Part 1 of Andrew's Big MONTREAL Concert Road Trip Weekend Extravaganza: On Irish Punk Music, Ticket Brokers, and Breakneck Speed
It’s funny how things work out sometimes. Around the same time I discovered Saint Etienne (see the post from a few days ago for more details….scroll down….scroll down further….there you go), I also discovered a band called Ash. At first, I thought “hey! These guys are catchy! It’s a little pop-y for my tastes, but it's still good.” I kept listening, though.
Ash has a very power-pop, emo, post-skate punk sound that’s been very popular in Europe but hasn’t caught on here, yet. And the more I listened to them, the catchier the music became. Stacey fell in love with Ash right away, clamoring for more and more mp3’s to satiate her hunger for their music.

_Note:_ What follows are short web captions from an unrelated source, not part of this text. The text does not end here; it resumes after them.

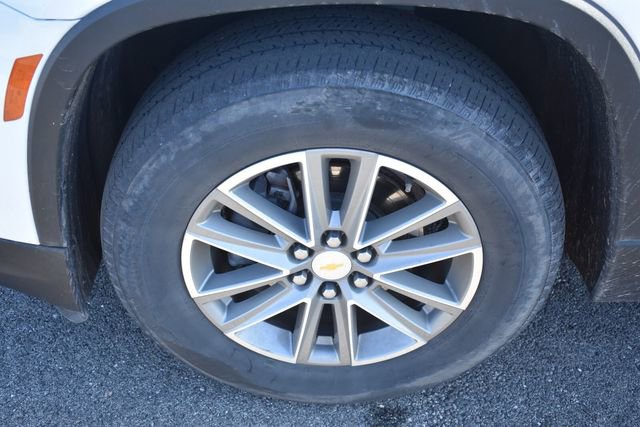 Used 2023 Chevrolet Traverse LT FWD image 13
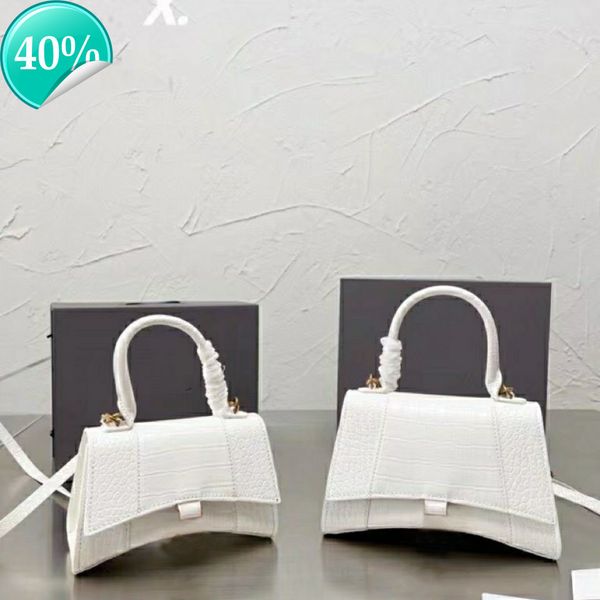 designer evening bag new shoulder mini hand 2022 fashion women luxury digner s white black leather embroidery multicolor single large capaci
designer evening bag new shoulder mini hand 2022 fashion women luxury digner s white black leather embroidery multicolor single large capaci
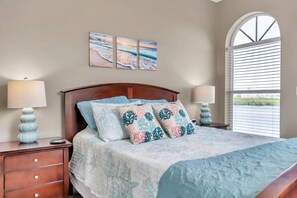 2 bedrooms, desk, iron/ironing board, free WiFi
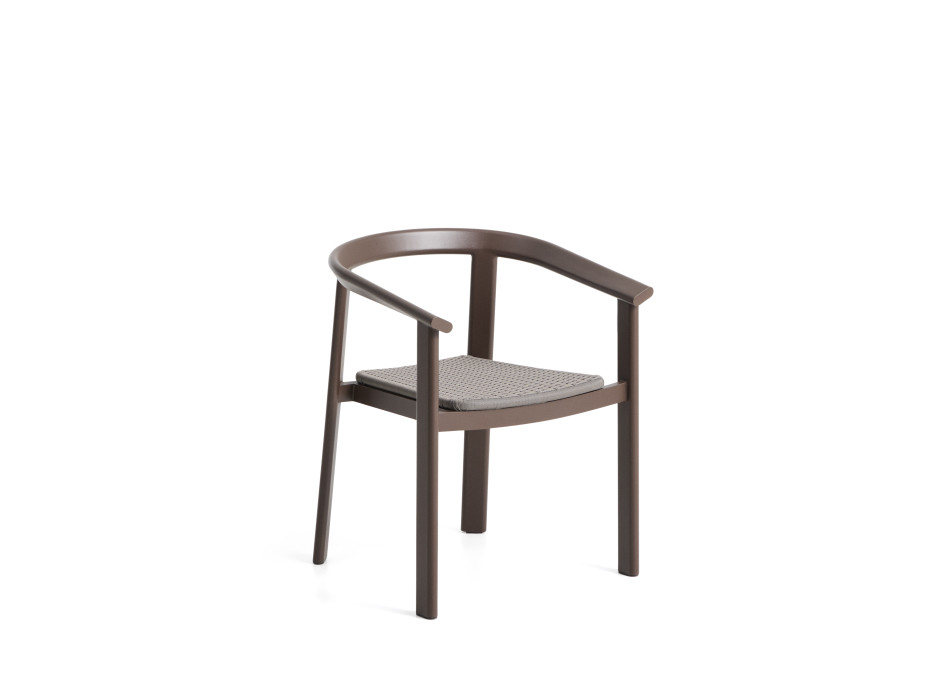 Silla apilable de exterior Erice en aluminio y cuerda marrón.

I soon found myself constantly humming their tunes in my head and thinking “where do I know this from? Ohhhhhhh yeah, Ash.” The next logical step was to inadvertently break into singing one of their songs. Loudly. On a crowded elevator, much to my horror. I realized I had a problem: I’d been hooked. Of course, then I had to try to explain Ash to a co-worker.
Co-worker: Ash who?
Me: They’re from Ireland.
Co-worker: So, how’d you find out about them? Are they on the radio?
Me: Well, not here. They’re huge in the UK, though.
Co-worker: Uh-huh. So, do they play Irish drinking songs? I like stuff like that.
Me: No. They’re kind of rock, but kind of punk, too.
Co-worker: Pun-k? Like the Sex Pistols?
Me: Uh, no, not really. More like Green Day or Blink-182.
(pause)
Co-worker: Who?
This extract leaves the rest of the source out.